(Material to process)
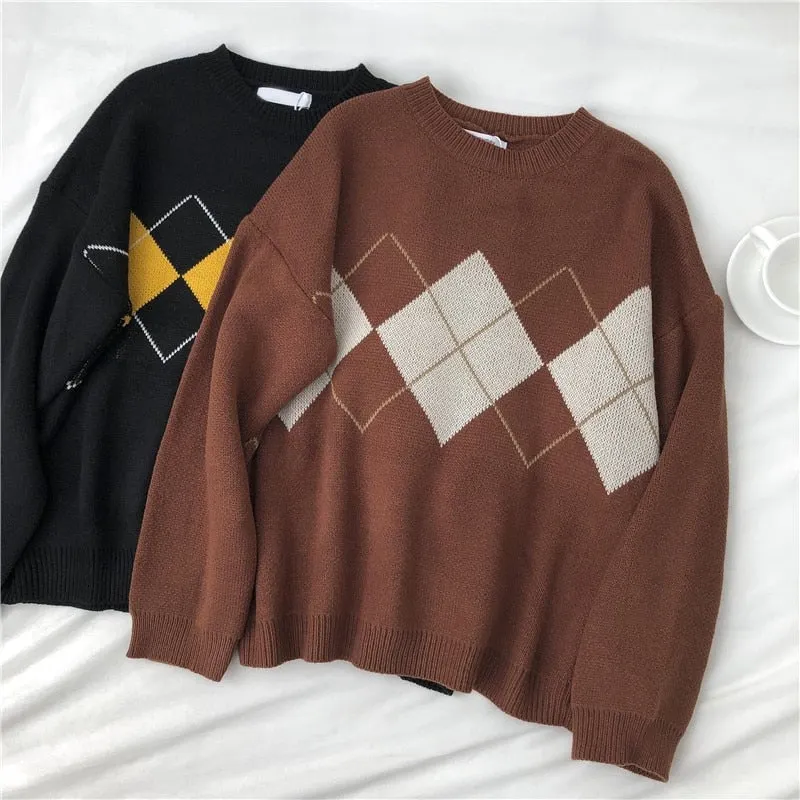 Zoki Knitted Sweater Women Argyle Oversize Korean Pullover Jumper Fashion Plaid Ladies Long Sleeve Winter Loose Casual Black Top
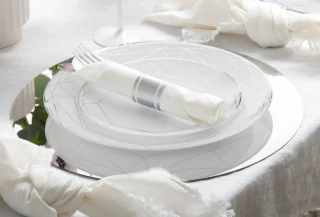 Decorline 40-delig herbruikbaar zilver plastic bestekset voor 10 personen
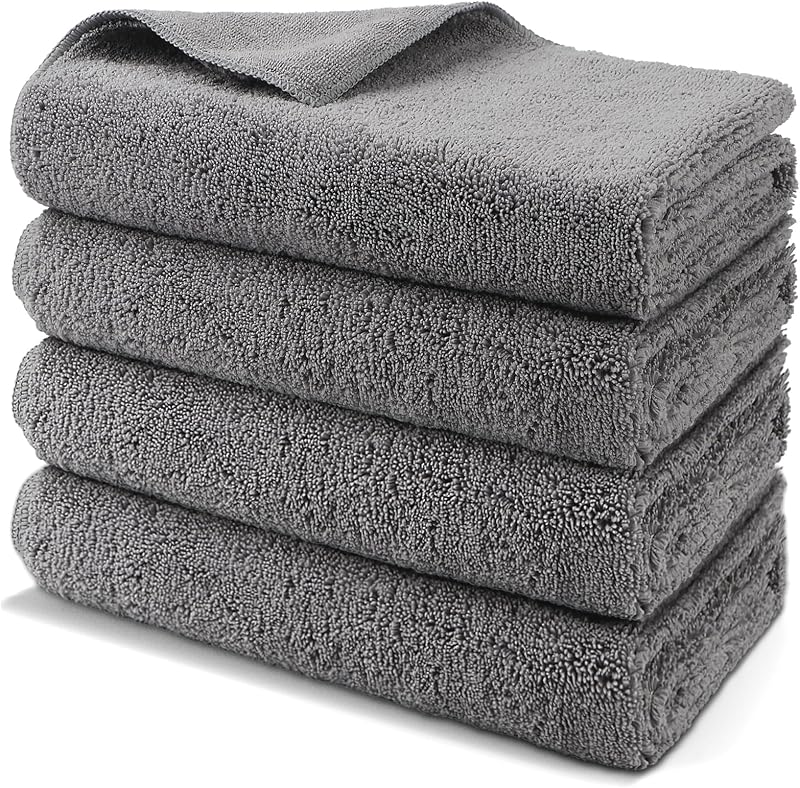 4 Pzas Toallas Microfibra 31x24pulg Absorbentes para Vehículos Gris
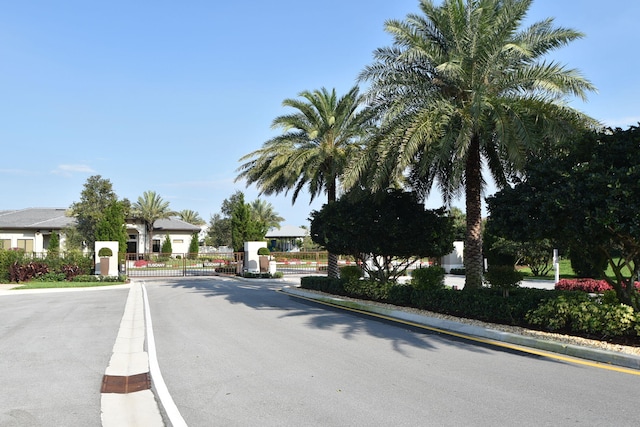 view of street featuring curbs, a gated entry, and a gate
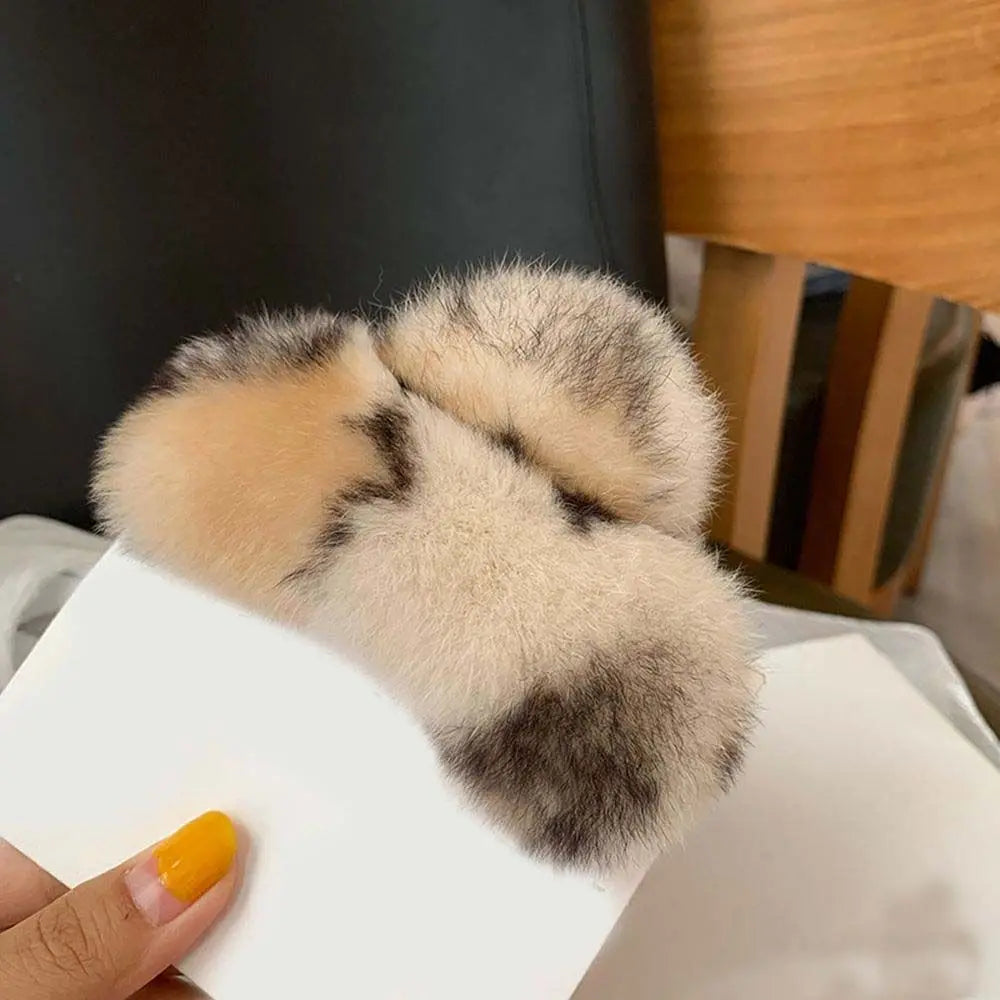 Autumn Winter Headwear Pure Color Rabbit Fur Female Hair Accessories Korean Style Hair Clip Leopard Grasp Clip Plush Hair Claw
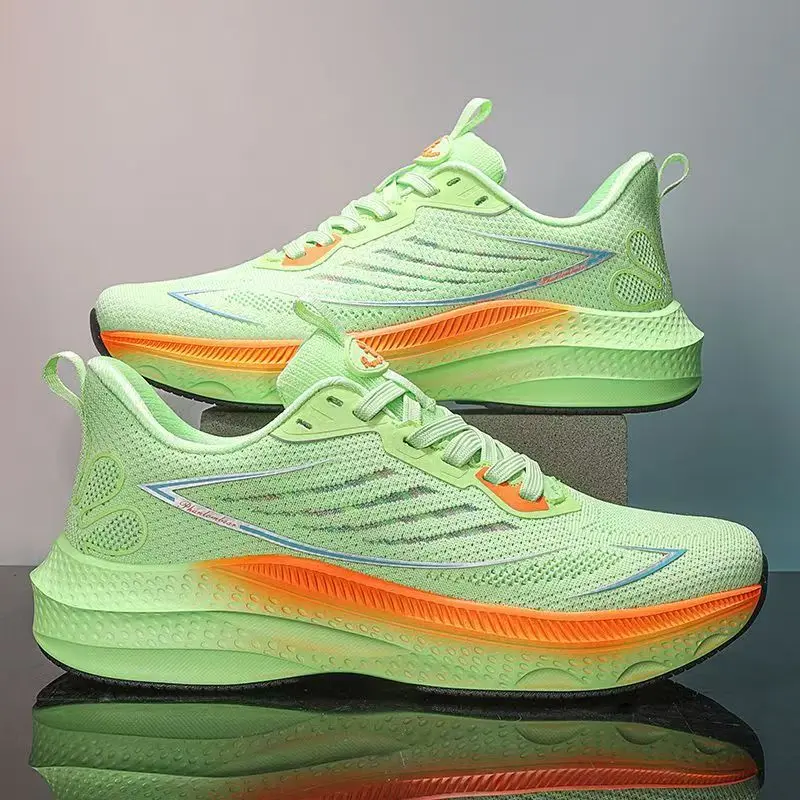 Breathable Mesh Running Shoes, Fluorescent Green Color-Block Soft Cushioned Shock-Absorbing Couples Sport Casual Sneakers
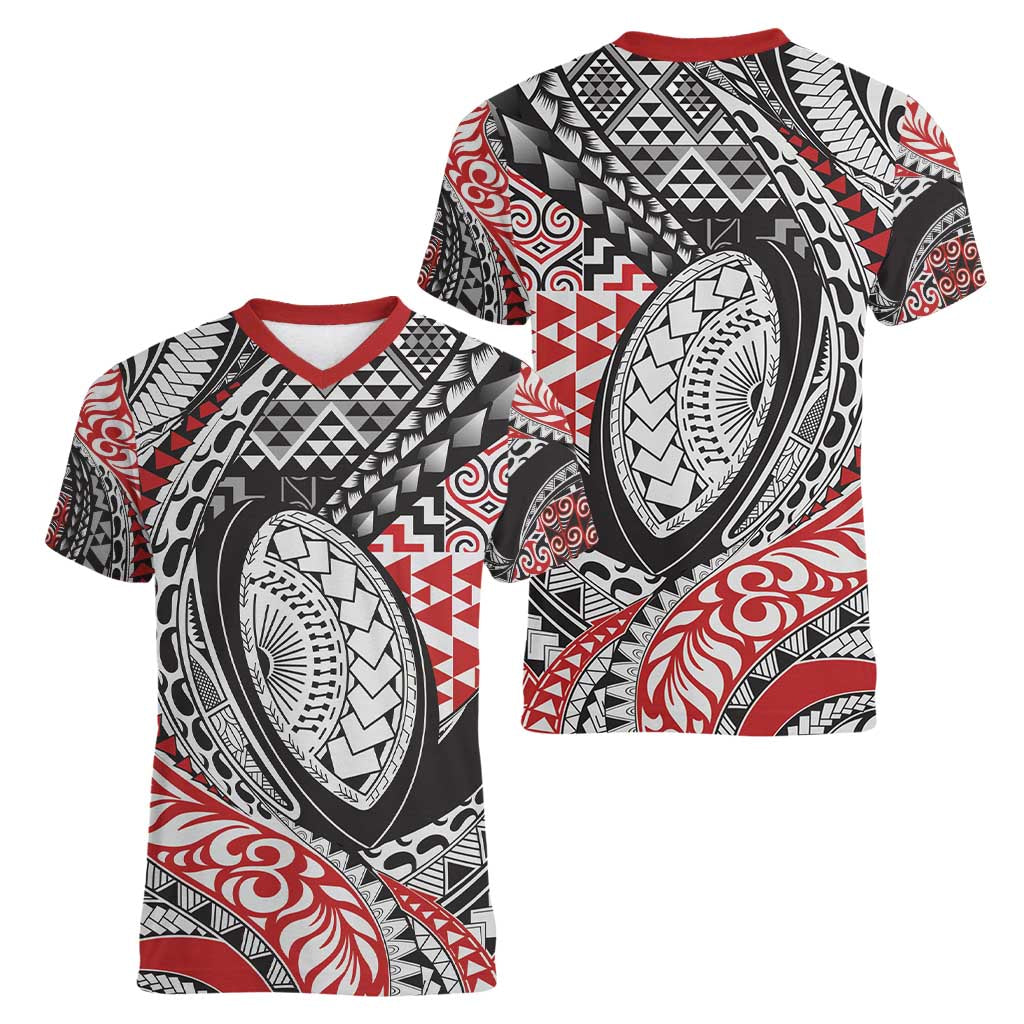 Aotearoa Maori Rugby Tribal Tattoo Women V-Neck T-Shirt Kowhaiwhai Taniko Patchwork Motifs LT9 - Polynesian Pride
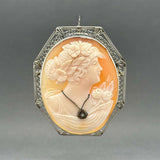 Estate 10K W Gold Shell & Diamond Cameo Pin/Pendant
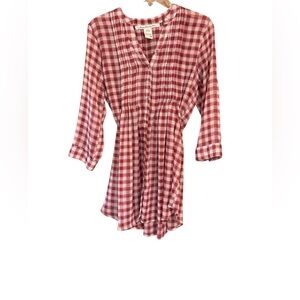 American Rag Red Gingham Shirt Dress M Button Front Tie Waist Boho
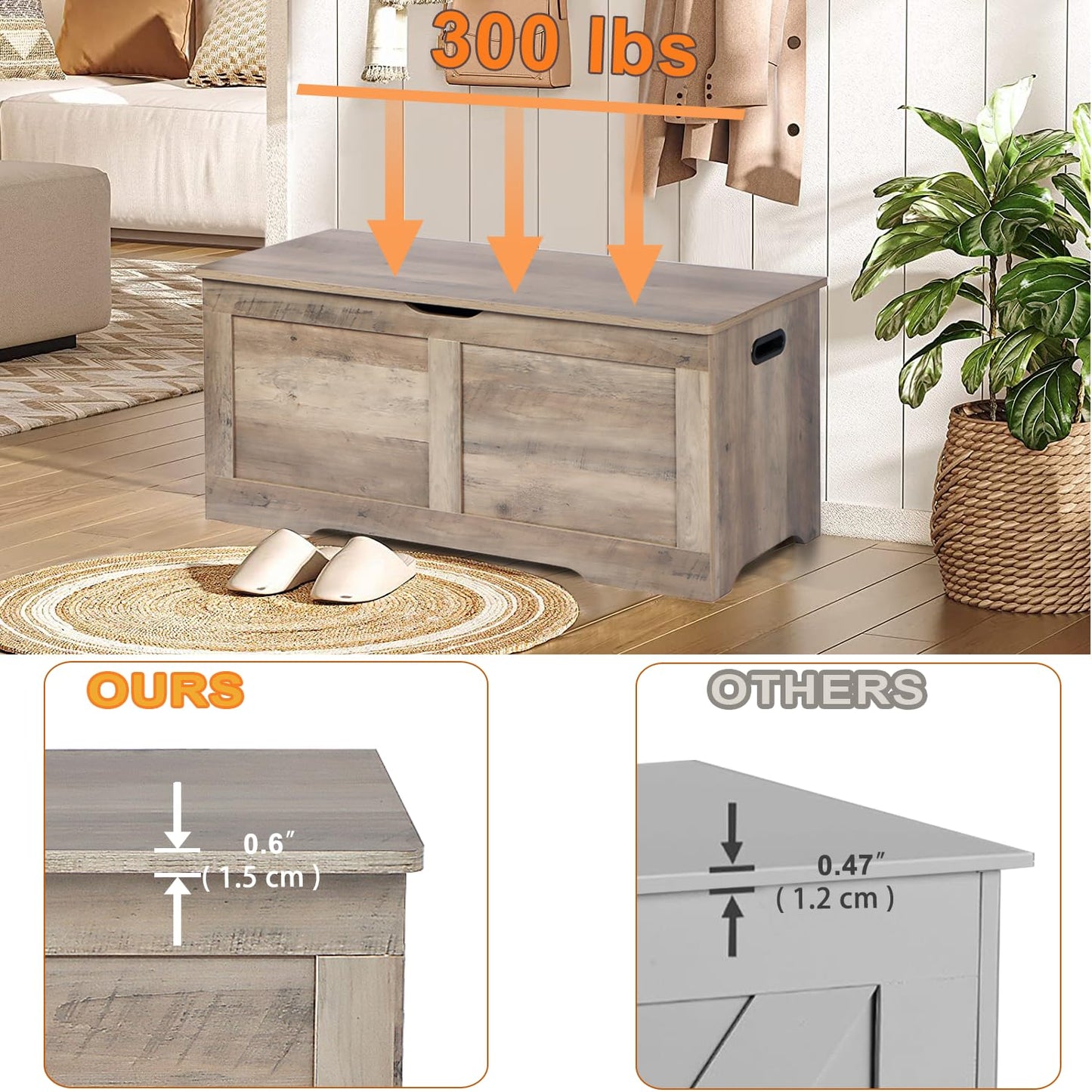 Timberer 47.2" Wooden Extra Large Storage Trunk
(End Material to process)
_Your task:_
Nothing but the lines from the line containing "Autumn Winter Headwear" through the end of the data, both ends included, is to be reproduced, exactly as written and without the pictures.

_Exercise output:_
 Autumn Winter Headwear Pure Color Rabbit Fur Female Hair Accessories Korean Style Hair Clip Leopard Grasp Clip Plush Hair Claw
 Breathable Mesh Running Shoes, Fluorescent Green Color-Block Soft Cushioned Shock-Absorbing Couples Sport Casual Sneakers
 Aotearoa Maori Rugby Tribal Tattoo Women V-Neck T-Shirt Kowhaiwhai Taniko Patchwork Motifs LT9 - Polynesian Pride
 Estate 10K W Gold Shell & Diamond Cameo Pin/Pendant
 American Rag Red Gingham Shirt Dress M Button Front Tie Waist Boho
 Timberer 47.2" Wooden Extra Large Storage Trunk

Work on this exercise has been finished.